It is important to explain there were no good financial reasons for GC to undertake the merger. RFDC was too small to pay its way and had insufficient funds to invest both in its physical estate and IT infrastructure. The college chose to become involved to secure the long-term provision of further education in the Forest of Dean.
Relatively low student numbers and a campus which requires expensive ongoing maintenance mean it will not cover its costs in the foreseeable future.
The challenge is to create a cost-efficient campus and increase student numbers, something we achieved in both Cheltenham and Gloucester by building excellent facilities.
If we are to succeed in keeping provision in the Forest of Dean, we have to press on with plans to build a new campus in the Northern Quarter of Cinderford. There is no option to stay in the existing buildings as this would result in damaging the excellent financial health of the rest of the college.
We either move to attractive more cost effective premises or close the Forest of Dean campus. The latter option is not acceptable.
In a previous article, I explained I sold the existing campus to the Homes and Communities Agency (HCA) for what my professional advisors considered to be an excellent price. We now pay a peppercorn rent to the HCA.
An understandable worry of some residents concerns the leisure facilities, which are controlled under a management agreement between the Forest of Dean District Council, Lakers School and GC.
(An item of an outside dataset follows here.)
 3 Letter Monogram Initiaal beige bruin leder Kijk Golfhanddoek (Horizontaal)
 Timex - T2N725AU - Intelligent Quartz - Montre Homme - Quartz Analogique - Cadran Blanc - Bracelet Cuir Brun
It was good to hear Patrick Molyneux, leader of the Forest of Dean District Council, explain they will be looking for solutions to this problem.
I have been asked what will happen to the campus in the future. The honest answer is that no one knows yet, but it will be up to the new owners, the HCA, to determine how it uses its investment to regenerate this part of the Forest.
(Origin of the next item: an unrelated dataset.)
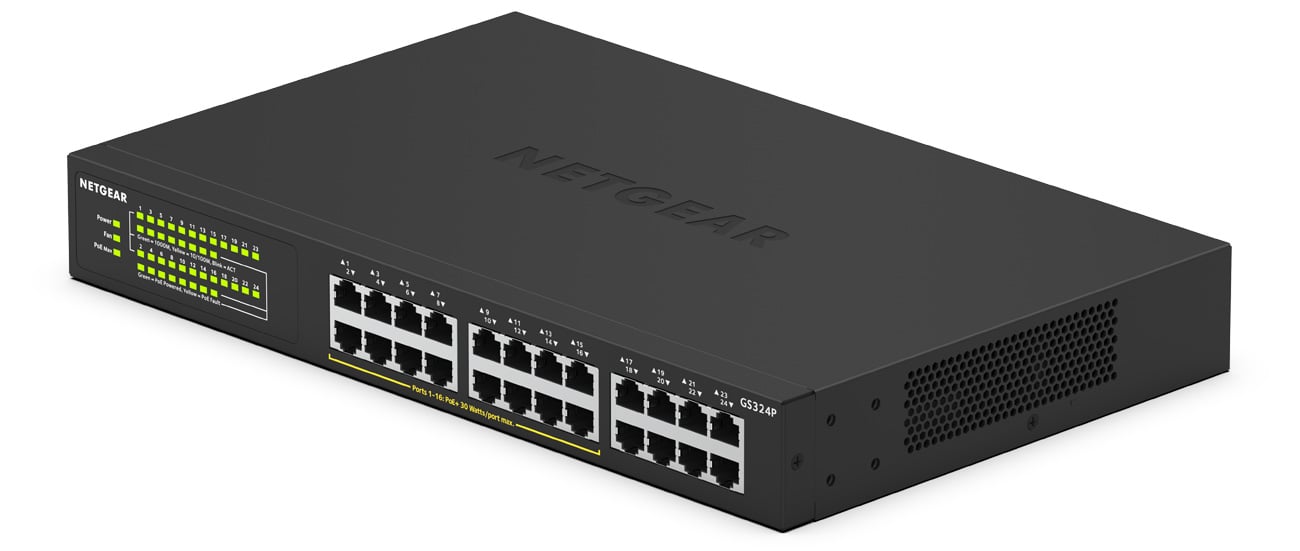 24-portowy, niezarządzany przełącznik Netgear GS324P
If our plans reach fruition, we will need to build a new campus roughly half the size of the existing Five Acres campus and our leased space in Mitcheldean.
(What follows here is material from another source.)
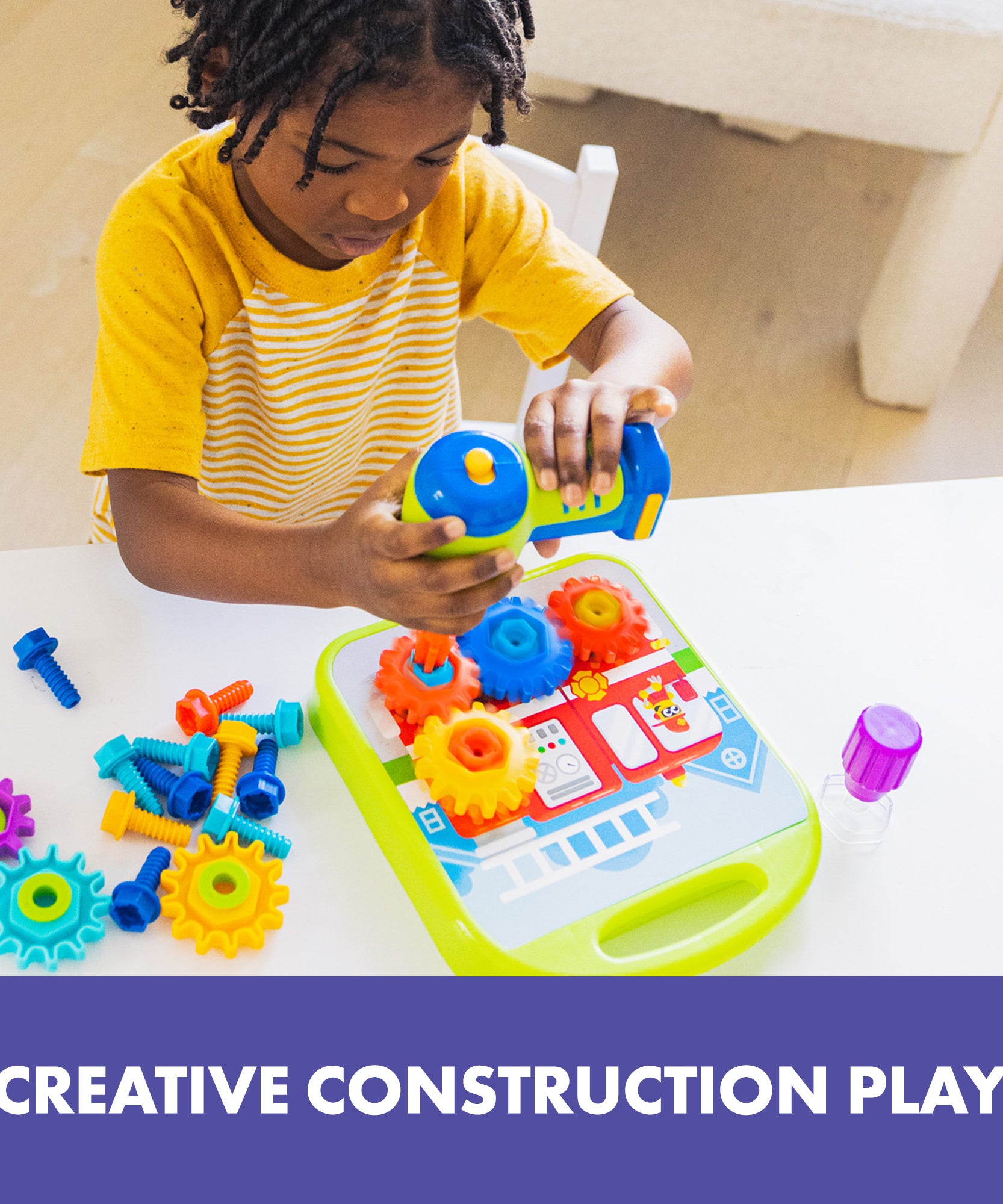 ورشة عمل تصميم وتروس الحفر من Learning Resources، لعبة بناء STEM مع مثقاب كهربائي، وتروس، ومسامير، ولوحة أنشطة، تُنمي المهارات الحركية الدقيقة والمفاهيم الهندسية المبكرة، للأعمار من 3 سنوات فما فوق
Subject to the judicial review of the Area Action Plan and the availability of funding to build all three sections of the spine road, we intend to appoint a consultancy team by September to complete all feasibility work, and design and cost a zero carbon college by Spring 2013.
If this all goes to plan we will have a new campus for September 2015.
There is a lot at stake here and it is by no means certain that the Forest will keep its campus but if I have anything to do with it, we will create a brilliant new campus in a new regeneration area, which will act as a catalyst for much needed inward investment.